Transcribe each line of the material as it is, and drop any picture.

## [Information shown]

============

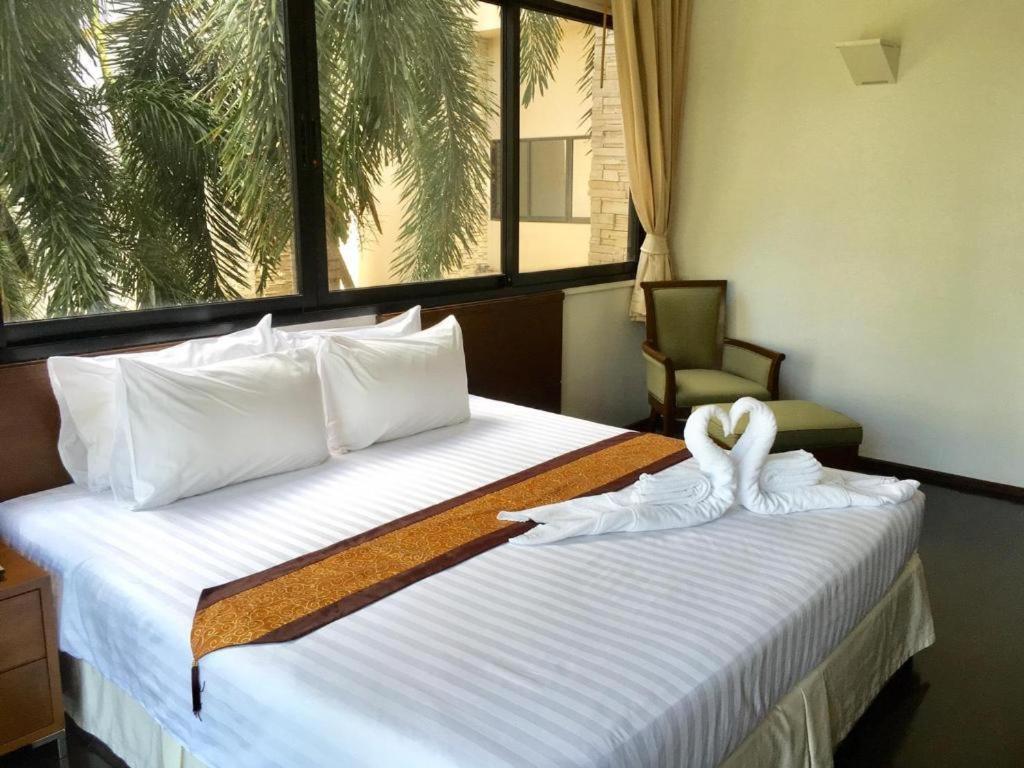 Suwan Golf & Country Club Hotel Накхон Патом Екстериор снимка
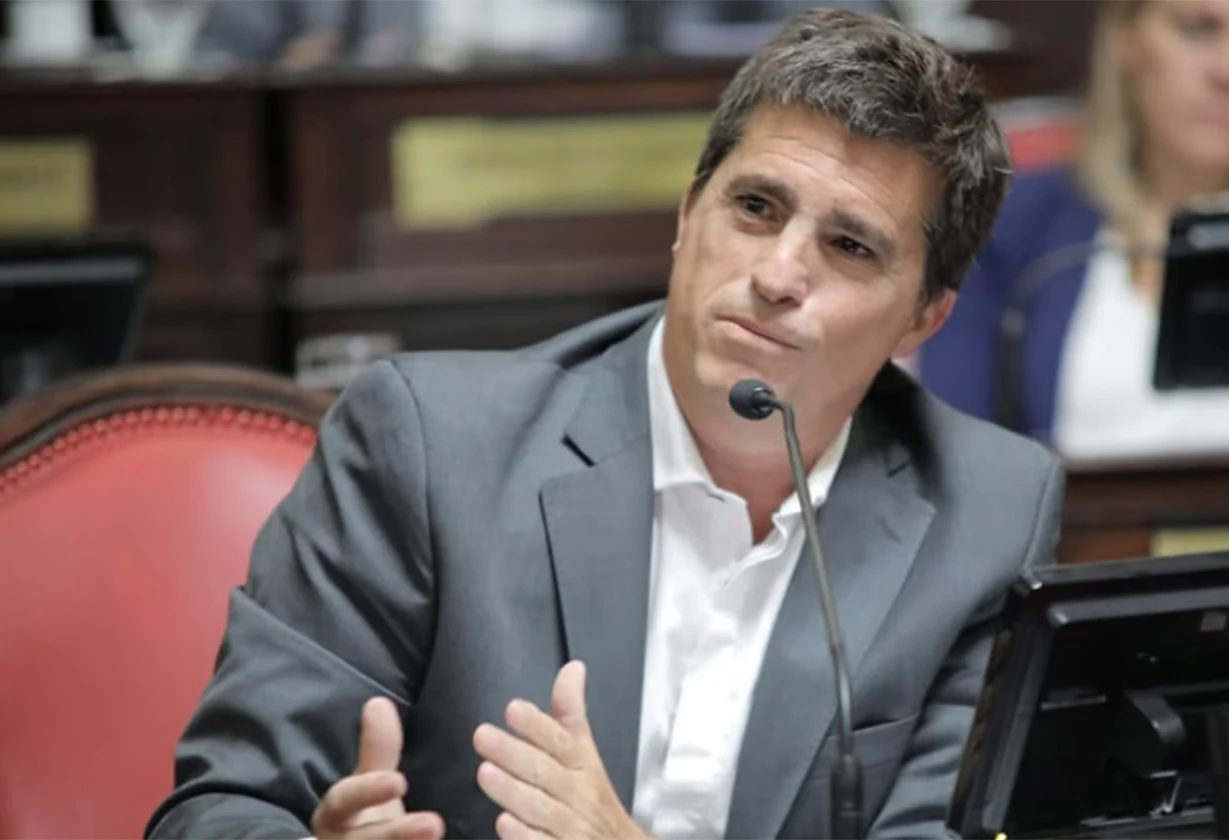 Demoraron a un concejal libertario por alcoholemia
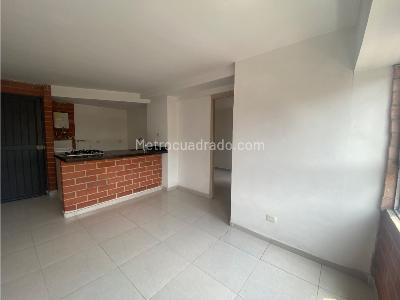 Apartaestudio en arriendo en Cristobal, Medellín, 32 m² · foto 2 de 6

============

## [Response for this exercise]
 Suwan Golf & Country Club Hotel Накхон Патом Екстериор снимка
 Demoraron a un concejal libertario por alcoholemia
 Apartaestudio en arriendo en Cristobal, Medellín, 32 m² · foto 2 de 6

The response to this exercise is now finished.